I am responding to CP28 notice regarding my 2024 Federal Tax Return. I have two qualified homes:
Property A(purchased December 2020) and Property B(purchased March 19, 2024). My total mortgage interest paid was $40,470, but because my combined mortgage debt exceeded $750,000, I am recalculating my deductible interest using the Average Balance Method from IRS Publication 936. I am seeking clarification on whether the average balance for Property B should be pro-rated for the partial year of ownership (starting March 19) to ensure my final deduction is accurate
Can some one help me validate my average balance calculations in the image attached?
https://www.reddit.com/gallery/1psf3cn
Posted by Ok-Seaworthiness8619
1 Comment
You can’t use the average balance method because you borrowed during the year.
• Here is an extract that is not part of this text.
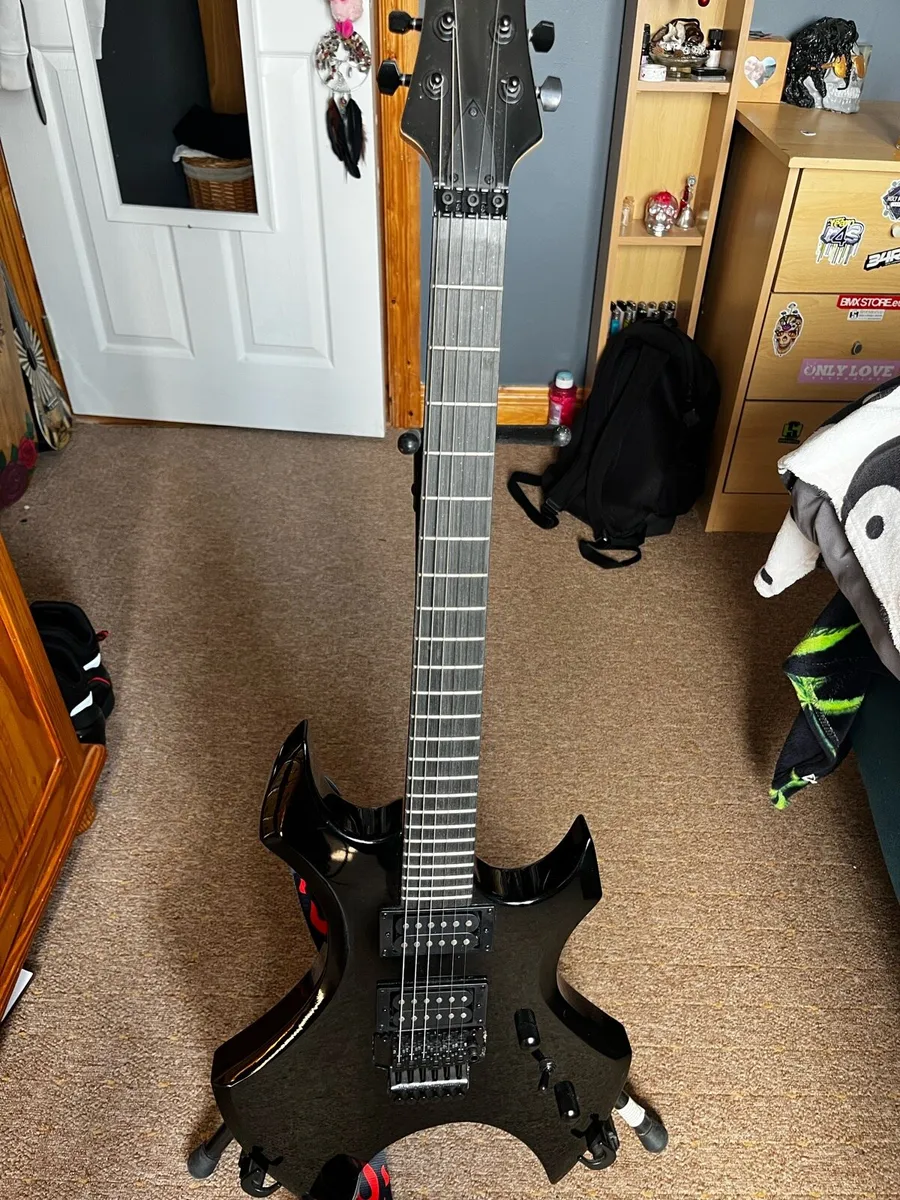 Electric guitar (negotiable) - Image 2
**Average of first and last balance method.**
You can use this method if all the following apply.
* You didn’t borrow any new amounts on the mortgage during the year. (This doesn’t include borrowing the original mortgage amount.)
[https://www.irs.gov/publications/p936#en_US_2025_publink1000230028](https://www.irs.gov/publications/p936#en_US_2025_publink1000230028)
You need to use the “statements method” which is pretty similar, but on a month by month basis
Also in March, you use the opening balance of your mortgage as the beginning, not zero.